Молодой человек благодушно кивнул и, закинув ногу на ногу, лениво произнес:
– Пожалуй, поведаю. Мне и самому полезно будет разложить все по полочкам. Для будущего отчета.
Если бы кто-нибудь мог взглянуть на происходящее со стороны, он увидел бы весьма странную картину. Бричка, одиноко стоящая на раскисшей от недавних дождей лесной тропинке. В ней двое мужчин в цилиндрах и цивильных платьях, мирно ведут беседу, словно старые добрые приятели. А в грязи, у правого колеса, бесформенным комком лежит то, что еще пять минут назад было человеком. Рядом валяется покрытая бурыми пятнами дорогая лакированная трость. Но некому в этот час оказаться поблизости, только осенний ветер по-разбойничьи свистит меж деревьев.

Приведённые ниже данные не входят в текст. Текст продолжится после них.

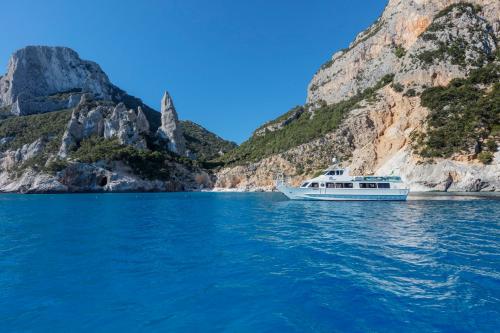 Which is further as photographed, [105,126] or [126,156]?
[105,126]

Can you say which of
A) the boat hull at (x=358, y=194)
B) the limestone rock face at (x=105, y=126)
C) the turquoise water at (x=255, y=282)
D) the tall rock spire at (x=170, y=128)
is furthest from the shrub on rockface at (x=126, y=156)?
the turquoise water at (x=255, y=282)

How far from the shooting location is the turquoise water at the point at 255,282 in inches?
312

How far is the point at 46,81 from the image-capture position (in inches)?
6614

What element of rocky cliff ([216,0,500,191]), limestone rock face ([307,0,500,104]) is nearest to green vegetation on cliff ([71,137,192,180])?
rocky cliff ([216,0,500,191])

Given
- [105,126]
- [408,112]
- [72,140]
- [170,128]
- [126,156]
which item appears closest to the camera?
[408,112]

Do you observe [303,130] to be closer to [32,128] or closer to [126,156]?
[126,156]

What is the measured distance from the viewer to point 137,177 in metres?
109

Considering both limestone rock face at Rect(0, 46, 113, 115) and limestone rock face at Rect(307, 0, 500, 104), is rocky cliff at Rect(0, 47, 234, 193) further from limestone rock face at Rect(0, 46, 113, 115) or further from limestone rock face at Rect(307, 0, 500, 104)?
limestone rock face at Rect(307, 0, 500, 104)

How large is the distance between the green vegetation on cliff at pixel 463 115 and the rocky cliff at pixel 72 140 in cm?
8327

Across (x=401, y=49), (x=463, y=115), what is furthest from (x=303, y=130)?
(x=463, y=115)

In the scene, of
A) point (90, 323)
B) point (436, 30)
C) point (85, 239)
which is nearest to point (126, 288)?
point (90, 323)

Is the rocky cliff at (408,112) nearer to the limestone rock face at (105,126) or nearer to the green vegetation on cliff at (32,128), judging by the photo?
the limestone rock face at (105,126)

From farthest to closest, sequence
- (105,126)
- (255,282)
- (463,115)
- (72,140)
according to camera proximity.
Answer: (105,126) → (72,140) → (463,115) → (255,282)

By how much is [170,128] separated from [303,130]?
66.3 metres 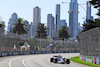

– Для начала отмечу, – начал Фальк задушевным тоном, – что вас, любезнейший, переиграл вовсе не я, а сам великий и ужасный граф Бенкендорф. Хозяин. Все это его затея, от начала и до конца. Я – всего лишь орудие. Правда, и сам не сразу это уразумел.
– Как это, не сразу?
– А вот так! По прибытию в усадьбу я знал о садистских наклонностях князя Арсентьева только в самых общих чертах. При этом не вполне представлял, для чего именно его сиятельство выписал из столицы учителя фехтования. Видимо, там, в Петербурге, придерживаются весьма невысокого мнения о моих актерских способностях. Решили дать только часть информации: основное задание и легенду об алчном фехтмейстере, привлеченном в отдаленный уезд обещанием баснословного гонорара. Нарочно для того, что бы моя реакция на известие о богопротивных гладиаторских играх была как можно более естественной.
– О, ваш Хозяин – настоящий гений! Говорю это без всякого сарказма.
– Истинная правда! – согласился Иван Карлович. – Однако его замысел простирался куда шире, чем я мог себе представить! Вся эта чепуха с «Колоссеей» и драками крепостных на арене – есть прямой результат усилий Александра Христофоровича. Мостовой, в отличие от вашего покорного слуги, являлся тем, за кого себя выдавал – профессором истории, угодившим в очень неприятную ситуацию. Уверен, что он был завербован и заблаговременно послан сюда с одной единственной целью, насадить в усадьбе варварские забавы в духе древнего Рима и понудить полусумасшедшего Дмитрия Афанасьевича пригласить к себе на службу настоящего ланисту.
– Кого, простите?
– Ланисту. Так во времена империи цезарей называли людей, обучавших рабов в гладиаторских школах.
– А, то есть вас!
– Ну да.
– И вам не сказали, что в доме Арсентьевых вам будет ассистировать помощник?
– Никак, нет, – рассмеялся Фальк. – Я догадался об этом только в самом конце, когда толстяк завопил что-то о серьезных людях и их угрозах. Помните, перед смертью? Думаю, что «наши» вышли на него после жуткого конфуза с дочерью высокопоставленного чиновника и, как следует, надавили.
– Если только, – пробормотал Нестеров, – сама ситуация с совращением юной барышни не была подстроена третьим отделением.
Иван Карлович легкомысленно пожал плечами, дескать, весьма вероятно, но разве это что-то меняет.
– А вы не находите, милый юноша, что все это слишком уж сложная схема? Ликвидировать князя можно было и проще.
– А кто сказал, что моим заданием был князь?